‘There was no empathy or humanity in his death. This was not an anomaly.’
Five days after George Floyd was killed by Minneapolis police officers, Gov. Tony Evers said in a statement Friday that Floyd’s “life matters and his family deserves justice,” while also saying we must “confront our comfortability with racism.”
“Earlier this week, another Black life was extinguished before our eyes. His name was George Floyd. He was 46. His life matters and his family deserves justice,” said Evers.
Evers joins a growing chorus of voices from law enforcement officers from across Wisconsin in condemning the actions that led to Floyd’s death.
Floyd was killed Monday after officers were called to investigate alleged forgery at Cup Foods, a grocery store.
He was unarmed. He died after officers placed him face down in the street and an officer kept him in that position for over eight minutes with his knee on his neck.

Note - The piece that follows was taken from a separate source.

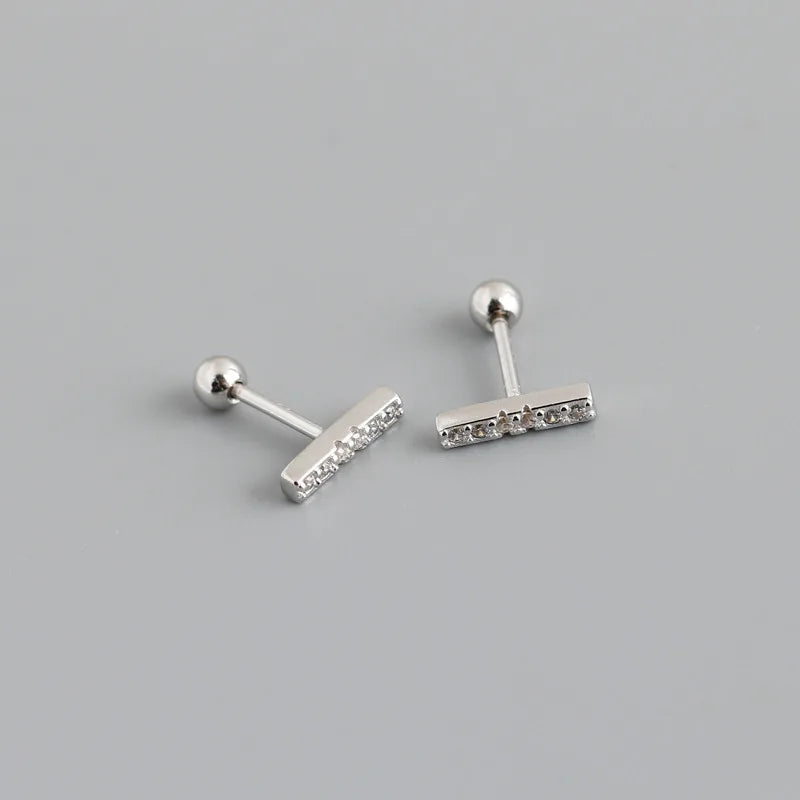 925 Sterling Silver Fashion Korean Petal Screw Bead Stud Earrings for Women Charm Ear Bone Piercing Jewelry Accessories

“There was no empathy or humanity in his death,” said Evers. “This was not an anomaly. We hear the echo of the words of Eric Garner.”
Garner was killed following an encounter with New York police officers in 2014. His death, like Floyd’s, was filmed by witnesses. An officer held Garner in a choke hold. Like Floyd, Garner’s last words were “I can’t breathe.”
Evers cited the deaths of Black Wisconsinites like Dontre Hamilton, Ernest Lacy and Sylville Smith who also died after encounters with police officers.
Hamilton was killed April 30, 2014, after a Starbucks employee called the police on him for sleeping in Red Arrow Park in Milwaukee. Hamilton, who suffered from schizophrenia, was shot 14 times by a Milwaukee police officer. The officer was fired for his actions leading up to the shooting, but not for his use of force.
Lacy died in June of 1981. He was stopped by police investigating a rape that was later discovered he did not commit. He died of respiratory distress in the police van.
Smith was shot and killed by a Milwaukee police officer in August of 2016. The officer was fired for a separate incident related to sexual assault.
“Frustration and anger about systemic injustices are always justified,” Evers said. “Folks in Wisconsin should be able to protest peacefully and to report on these events without the fear of being unsafe or arrested.”
“We must see the trauma, fear, and exhaustion of being Black in our state and our country. We must offer our empathy, we must offer our support, but most of all we must offer our action. The solution isn’t in one person, it’s in all of us, together,” said Evers.
“We must confront our comfortability with racism. We must reestablish trust with communities of color,” he added. “We must be willing to listen, we must be willing to be uncomfortable, we must be willing to do the work.”